On the strength of the above cases and the combined effect of sections 109 and 110 (1) and (2) of the Criminal and other offences Procedure Act, 1960, Act 30, it is clear that even though the charge sheet is bad for duplicity and was not drafted in the best of terms, the provisions of section 110 (2) operate to nullify the type of submission learned counsel for appellant intends since no substantial miscarriage of justice has resulted thereby and most importantly, the objection to the charge sheet was not taken timeously. I will therefore dismiss grounds (a) and (c) of the appeal.

Ground F

The Court of Appeal erred when it refused to follow a precedent from the Supreme Court.

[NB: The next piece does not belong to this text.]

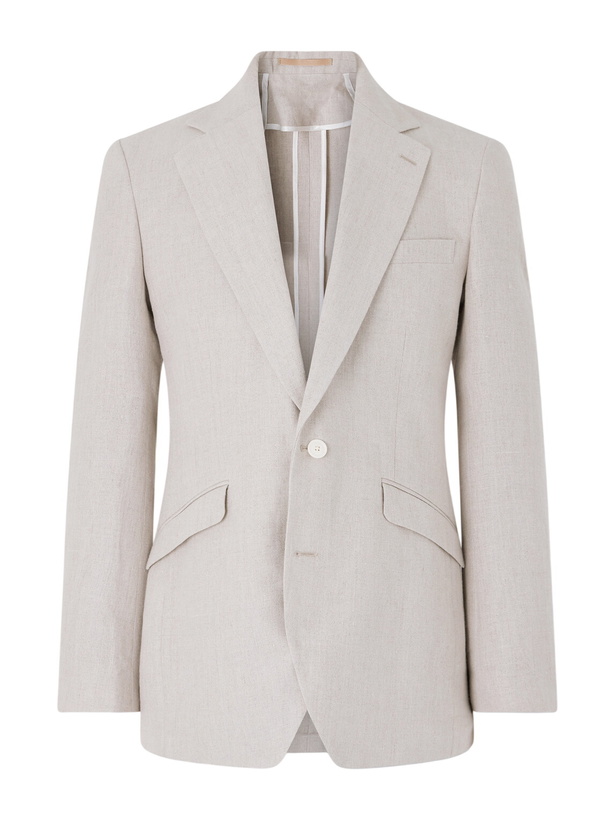 Photo: Favourbrook - Cooper Linen Suit Jacket - Gray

That the Court of Appeal is bound by decisions of the Supreme Court is well established. See articles 129 (1) and (2) of the Constitution 1992. According to Counsel for the appellant the Supreme court in the case of Bonsu alias Benjilo v The Republic, SC GLR 112 listed the essential ingredients of the offence of possession of narcotic drugs. Specifically, counsel for the appellant quoted my respected brother Atuguba JSC as follows:

“From the foregoing, I hold that on a charge of possessing of narcotic drug under PNDCL 236 the prosecution must prove: (i) custody or control of the drug by the accused; (ii) knowledge of the presence of the drug;…and (iii) knowledge of the nature and quality of drug possessed. I hasten to say that proof of any of these ingredients may be actual or constructive…”emphasis supplied.

Counsel for the appellant argued that the respondent failed to state the nature and quality of the narcotic drug the appellant was accused of, and this omission, by reason of the decision in Benjilo is fatal as to render the conviction and sentencing a nullity which has to be quashed.

Admittedly, PNDCL 236 does not speak of cocaine, but drugs, as the Court of Appeal found.

However, with the peculiar facts of this case, where the appellant and the other accused persons found themselves in, whilst some carried cocaine and appellant carried heroin, and where also they were charged jointly by the same charge sheet, the best practice would have been to specify that the appellant carried heroin and not cocaine like the other accused persons to avoid any embarrassment and confusion to the appellant.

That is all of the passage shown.